Happy Monday Community!
We are continuing our ONE Desktop best practices series this week as well! Today on the menu is - DQ Scoring!
Data quality scoring is a vital process in Ataccama Desktop, enabling you to assess data quality based on specific rules and assign a numerical score. This score helps differentiate between high-quality and low-quality records, making it an essential step in data processing.
Here are the best practices for data quality scoring in Ataccama Desktop:
1. Categorize Scoring into Four Levels
To effectively score data quality, categorize your cleansing scores into four quantification levels:
Scoring Level | Scoring Description | Scoring Result |
---|---|---|
0 | No modification was done to the input value. | VALID |
< 10,000 | Small modification was done to the input value. | VALID/CORRECTED |
< 10,000,000 | Huge modification was done to the input value. | UNSAFE/UNKNOWN |
> 10,000,000 | Input value or pre-cleansed value is null. | NOT VALID |
Each cleansing operation, as described in the "Scoring Description" column, corresponds to a specific score value and explanation code. For instance, the table contains rules, scores, and explanation codes for scoring a Social Security number within the < 10,000 scoring level.
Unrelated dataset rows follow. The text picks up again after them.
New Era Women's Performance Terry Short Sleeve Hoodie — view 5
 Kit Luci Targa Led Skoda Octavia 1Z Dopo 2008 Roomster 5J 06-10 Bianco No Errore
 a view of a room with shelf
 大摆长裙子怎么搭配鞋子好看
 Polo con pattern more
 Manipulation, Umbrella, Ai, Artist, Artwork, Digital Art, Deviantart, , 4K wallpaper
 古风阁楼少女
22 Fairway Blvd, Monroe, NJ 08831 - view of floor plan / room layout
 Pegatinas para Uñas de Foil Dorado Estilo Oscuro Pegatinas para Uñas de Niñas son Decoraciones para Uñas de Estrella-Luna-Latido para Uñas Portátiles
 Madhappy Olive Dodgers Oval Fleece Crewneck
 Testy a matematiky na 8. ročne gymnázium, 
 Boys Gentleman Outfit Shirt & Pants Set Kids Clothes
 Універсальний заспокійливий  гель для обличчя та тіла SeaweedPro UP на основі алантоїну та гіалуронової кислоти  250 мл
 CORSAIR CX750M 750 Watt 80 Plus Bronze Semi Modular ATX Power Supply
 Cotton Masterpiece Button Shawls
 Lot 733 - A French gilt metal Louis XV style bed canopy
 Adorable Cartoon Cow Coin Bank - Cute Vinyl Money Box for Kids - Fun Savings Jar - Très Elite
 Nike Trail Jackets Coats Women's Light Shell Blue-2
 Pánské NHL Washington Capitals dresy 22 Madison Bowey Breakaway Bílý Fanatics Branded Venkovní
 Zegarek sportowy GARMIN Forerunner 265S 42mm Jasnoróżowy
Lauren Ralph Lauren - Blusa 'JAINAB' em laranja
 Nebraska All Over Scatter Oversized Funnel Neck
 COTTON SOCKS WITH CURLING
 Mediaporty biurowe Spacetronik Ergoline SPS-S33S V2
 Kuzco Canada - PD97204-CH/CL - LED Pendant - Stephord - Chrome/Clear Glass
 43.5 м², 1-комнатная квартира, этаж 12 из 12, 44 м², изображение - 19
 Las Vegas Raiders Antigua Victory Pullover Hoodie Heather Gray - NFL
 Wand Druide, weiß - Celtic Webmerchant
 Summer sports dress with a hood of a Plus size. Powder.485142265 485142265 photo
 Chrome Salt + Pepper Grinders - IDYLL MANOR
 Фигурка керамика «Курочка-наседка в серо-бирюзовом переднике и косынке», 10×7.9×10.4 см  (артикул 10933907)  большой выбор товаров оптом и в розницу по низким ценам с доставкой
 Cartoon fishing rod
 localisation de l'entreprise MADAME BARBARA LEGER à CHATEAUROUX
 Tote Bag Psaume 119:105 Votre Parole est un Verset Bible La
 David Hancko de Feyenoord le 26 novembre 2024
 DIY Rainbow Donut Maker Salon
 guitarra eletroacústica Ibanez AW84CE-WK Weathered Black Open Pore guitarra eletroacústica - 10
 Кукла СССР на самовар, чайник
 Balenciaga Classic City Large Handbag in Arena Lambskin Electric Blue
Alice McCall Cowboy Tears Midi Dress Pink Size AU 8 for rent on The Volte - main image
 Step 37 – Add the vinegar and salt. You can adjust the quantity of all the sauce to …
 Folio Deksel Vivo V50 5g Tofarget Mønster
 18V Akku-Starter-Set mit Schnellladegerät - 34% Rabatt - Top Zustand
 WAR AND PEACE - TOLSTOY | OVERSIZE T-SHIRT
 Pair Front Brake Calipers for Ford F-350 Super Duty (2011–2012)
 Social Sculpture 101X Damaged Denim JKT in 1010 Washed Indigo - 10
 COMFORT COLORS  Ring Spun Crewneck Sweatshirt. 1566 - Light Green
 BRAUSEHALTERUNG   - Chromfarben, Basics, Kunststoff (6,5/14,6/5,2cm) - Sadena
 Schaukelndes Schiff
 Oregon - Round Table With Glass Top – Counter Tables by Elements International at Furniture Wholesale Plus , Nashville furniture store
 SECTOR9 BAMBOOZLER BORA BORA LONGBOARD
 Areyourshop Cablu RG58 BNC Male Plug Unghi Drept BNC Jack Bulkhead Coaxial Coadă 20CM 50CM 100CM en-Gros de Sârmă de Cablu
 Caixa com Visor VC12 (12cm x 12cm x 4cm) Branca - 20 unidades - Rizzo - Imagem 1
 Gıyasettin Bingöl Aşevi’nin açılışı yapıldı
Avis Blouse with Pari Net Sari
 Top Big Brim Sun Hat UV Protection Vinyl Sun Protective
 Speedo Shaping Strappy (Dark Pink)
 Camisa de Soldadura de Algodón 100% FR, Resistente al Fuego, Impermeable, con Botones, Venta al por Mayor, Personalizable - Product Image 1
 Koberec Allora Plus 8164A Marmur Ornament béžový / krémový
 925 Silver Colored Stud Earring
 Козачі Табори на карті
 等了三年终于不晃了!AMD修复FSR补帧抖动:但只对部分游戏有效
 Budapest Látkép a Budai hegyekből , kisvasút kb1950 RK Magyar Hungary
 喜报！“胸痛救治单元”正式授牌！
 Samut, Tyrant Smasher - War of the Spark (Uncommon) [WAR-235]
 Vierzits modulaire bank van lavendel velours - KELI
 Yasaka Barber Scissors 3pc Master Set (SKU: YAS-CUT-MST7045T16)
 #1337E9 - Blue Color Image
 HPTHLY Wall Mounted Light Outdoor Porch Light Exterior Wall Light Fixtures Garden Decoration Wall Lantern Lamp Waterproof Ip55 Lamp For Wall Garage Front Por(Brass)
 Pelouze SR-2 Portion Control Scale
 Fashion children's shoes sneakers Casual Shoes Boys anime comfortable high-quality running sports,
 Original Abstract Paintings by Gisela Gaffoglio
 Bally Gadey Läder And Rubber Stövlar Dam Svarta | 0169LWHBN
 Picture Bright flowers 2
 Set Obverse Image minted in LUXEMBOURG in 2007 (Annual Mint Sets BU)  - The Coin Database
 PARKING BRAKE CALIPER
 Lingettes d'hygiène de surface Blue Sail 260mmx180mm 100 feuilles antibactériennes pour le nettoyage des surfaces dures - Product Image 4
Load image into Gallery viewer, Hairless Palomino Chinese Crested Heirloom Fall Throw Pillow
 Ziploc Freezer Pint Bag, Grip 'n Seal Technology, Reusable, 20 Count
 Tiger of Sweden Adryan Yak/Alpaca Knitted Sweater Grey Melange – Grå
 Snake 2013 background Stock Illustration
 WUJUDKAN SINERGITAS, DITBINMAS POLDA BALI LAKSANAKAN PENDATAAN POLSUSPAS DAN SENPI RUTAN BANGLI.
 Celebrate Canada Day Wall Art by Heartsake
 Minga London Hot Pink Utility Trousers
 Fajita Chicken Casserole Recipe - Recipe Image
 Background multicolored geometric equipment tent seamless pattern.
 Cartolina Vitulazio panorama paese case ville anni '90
2. Store Scores and Explanation Codes Separately
To maintain clarity and organization, store scores and explanation codes in separate columns for each attribute, following the naming convention: sco_oattribute] and exp_pattribute]. You can aggregate multiple explanation codes in the explanation field, separated by whitespace.
For example, your scoring results for Social Security numbers might look like this:
src_sin | out_sin | exp_sin | sco_sin | Scoring Result |
---|---|---|---|---|
573896836 | 573896836 | SIN_INVALID_CHECK | 10,000 | NOT VALID |
417 208 303 | 417208303 | SIN_REMOVED_SEPARATORS SIN_VALID | 100 | VALID/CORRECTED |
417-208303 | 417208303 | SIN_DIFFERENT_SEPARATORS SIN_VALID | 200 | VALID/CORRECTED |
sin 417 - 208 -303 | 417208303 | SIN_COMMENT SIN_DIFFERENT_SEPARATORS SIN_VALID | 1,200 | VALID/CORRECTED |
4 172 083 0 3 | 417208303 | SIN_SPACES_AT_UNUSUAL_POSITIONS SIN_VALID | 300 | VALID/CORRECTED |
aaabbbccc | aaabbbccc | SIN_NOT_PARSED | 1,000,000 | NOT VALID |
3. Define Scoring Rules within Range Limits
Ensure that your scoring rules are designed so that, within a given range, the sum of scores for corresponding operations does not exceed the upper bound. This is crucial for maintaining consistency and accuracy in your scoring process.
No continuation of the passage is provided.